Taking my medication for the first time was a huge shock. Not only did it almost silence the trains of thought (bar the song, echoing stubbornly in the empty walls of my brain) but it also calmly, almost in slow motion, uncrammed the rhythm. It released the “ideas, and visions and so on”, in a more orderly manner, slower, allowing me to spend time developing them, rather than waiting for “o Sete” and it’s sustained energy.
The Adhd mind - or at least my type - is creative and restless. It seems that a genetic variant of Adhd has been detected in nomadic people, which corroborates the hunter-gatherer hypothesis as its origin (frustrating for a vegan!): my office is great because there are no distractions and it’s highly predictable–the only unknown element is how loud my cats will snore. Otherwise I can’t focus (how can people read at the beach?!). This seems to sustain the notion that a high awareness of aleatory movement and pattern perception was inherited, and, in my case, transposed to words and their graphic and sonic patterns.

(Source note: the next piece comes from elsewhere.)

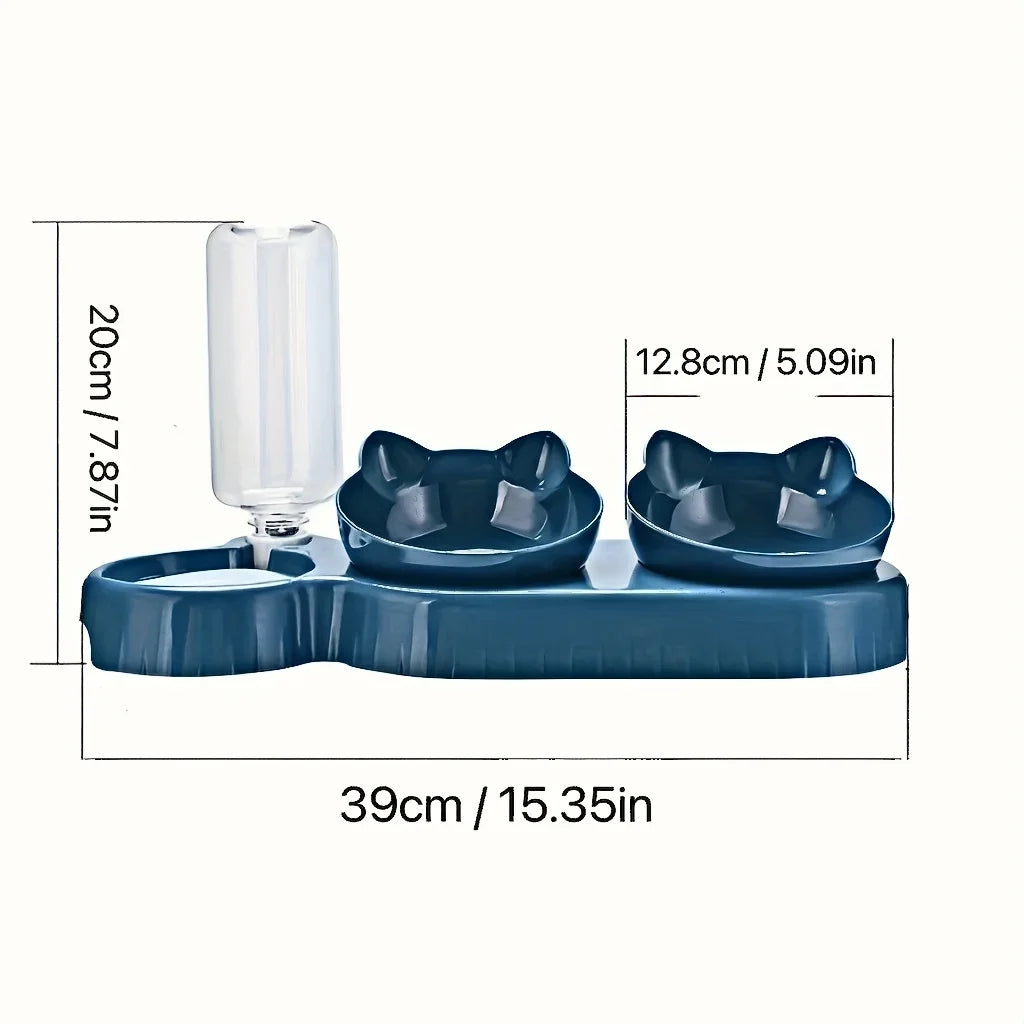 Pet Bowls With Water Feeder, 3 In 1 Ear Design Tilted Cat Water And Food Bowl 1Set With Gravity Water Bottle For Neck Protection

This is also why I’m so attracted to Rosi Braidotti’s nomadic notion of language as a political obligation. Words carry the structures of power and oppression (“words are fossils” as Irma Blank said). A writer is a nomad, redesigning wordscapes, deconstructing calcified concepts. I’ve never deeply, viscerally understood aesthetics, philosophies, desires of belonging. I get it conceptually. But belonging is not the opposite of othering. Belonging is unquestioned acceptance. An empty space outlined precisely with our shape. The opposite of belonging is a nomadic spirit, not having an automated response to life.
It is beautiful but it is also momentous, like the roaring waves at the end of August, breaking on the sand with the pregnant impetus of change. The effect of the medication channels the rhythm into song–but you see a symphony. It releases and delivers the mind in all its mighty flow to you. It doesn’t reduce its overproduction. The work now is to sieve, organise and timeline–schedule.
But what is time? Sunsets and sunrises, patterns of light and shadow, ripples on the skin, awareness and sleep. Sleeping is a coma, awaking is rebirth. The day, with or without the white and blue pill, is reinvention.